In a late-night press conference last Friday, Tory announced he would step down as mayor of Toronto after the Toronto Star broke the news of the 68-year-old’s relationship with a 31-year-old woman.

"Like very many Torontonians, I was very surprised, even shocked by what we learned on Friday night," Freeland said on Wednesday. She said that Tory was right to admit to making "a serious mistake and… a serious error in judgment."

"He took responsibility for that mistake. He apologized for that mistake. And, he took responsibility by resigning," said Freeland, who represents the riding of University-Rosedale, Ont. "That was the right thing to do, and that was the necessary thing to do."

On Friday, Tory apologized for his actions and said he would leave the role he was just recently re-elected into; however he has yet to submit a letter of resignation, indicating plans to stay on to see his 2023 municipal budget passed. The fiscal plan was being debated by council on Wednesday.

Freeland also strongly denied a City News report citing an unnamed source who claimed that she was among the political figures who had reached out to Tory to encourage him not to resign.

"Let me be absolutely clear and categorical: The story that was published yesterday is wholly untrue and not accurate," Freeland told reporters on her way into a Liberal caucus meeting on Parliament Hill Wednesday morning. "When I have something to say about my position, I have no problem saying it clearly myself."

Asked to weigh in on the matter, Prime Minister Justin Trudeau called Tory a "strong partner" to the federal government.

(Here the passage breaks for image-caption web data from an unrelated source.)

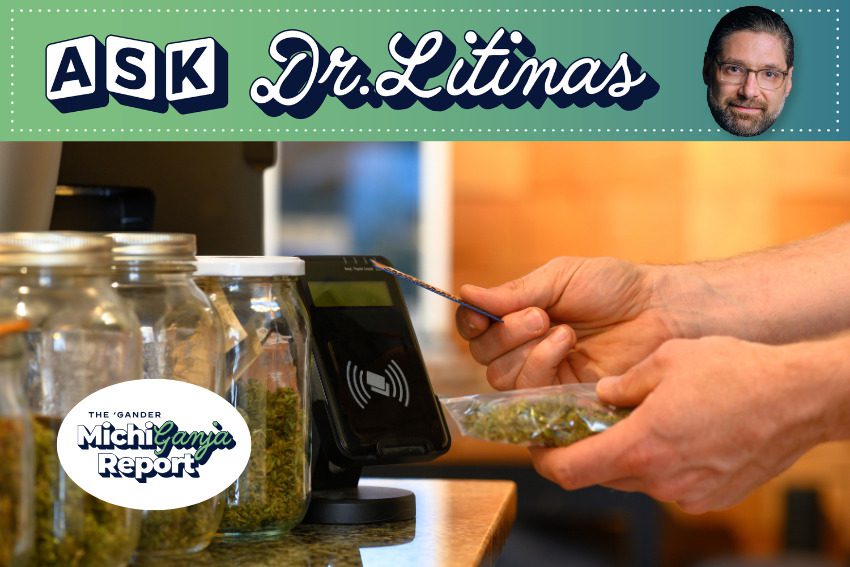 Ask Dr. Litinas: Why buying from a licensed Michigan dispensary matters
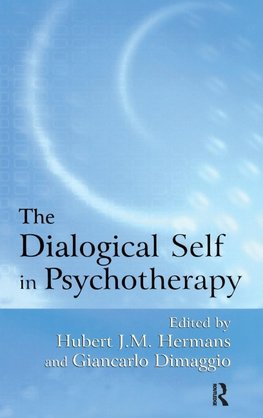 The Dialogical Self in Psychotherapy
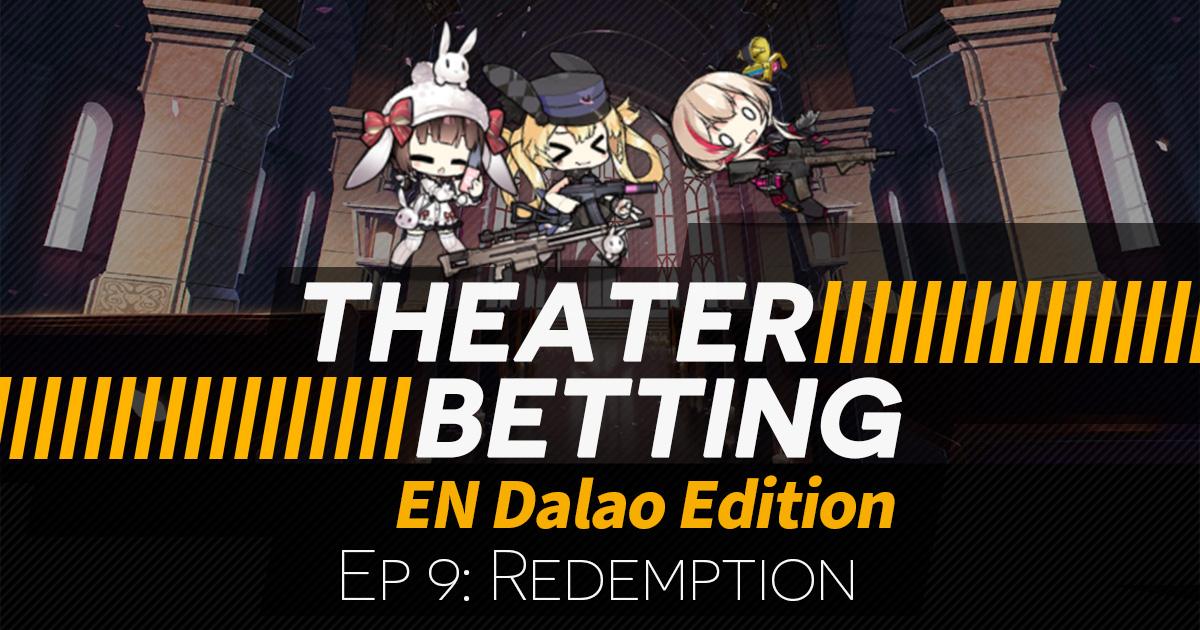 Theater Betting Episode 9 Banner featuring Kazuki (SOPMOD II), Dusk (M99), and Cleista (SR-3MP).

"I want to recognize John's years of service to the city of Toronto," he said. "I know Toronto is facing real challenges, and I certainly hope that the current and future leadership is able to step up."

Amid considerable speculation around who may or may not be considering throwing their hat into the ring to run Canada's largest city, a few Toronto-area cabinet ministers and MPs have chimed in to say they are not interested in the job, including Beaches-East York, Ont. MP Nathaniel Erksine-Smith, and Minister of Housing and Diversity and Inclusion Ahmed Hussen.

"I'm not organizing anything. I'm happy with my job," Hussen, who represents York South-Weston, Ont., told reporters on Tuesday evening.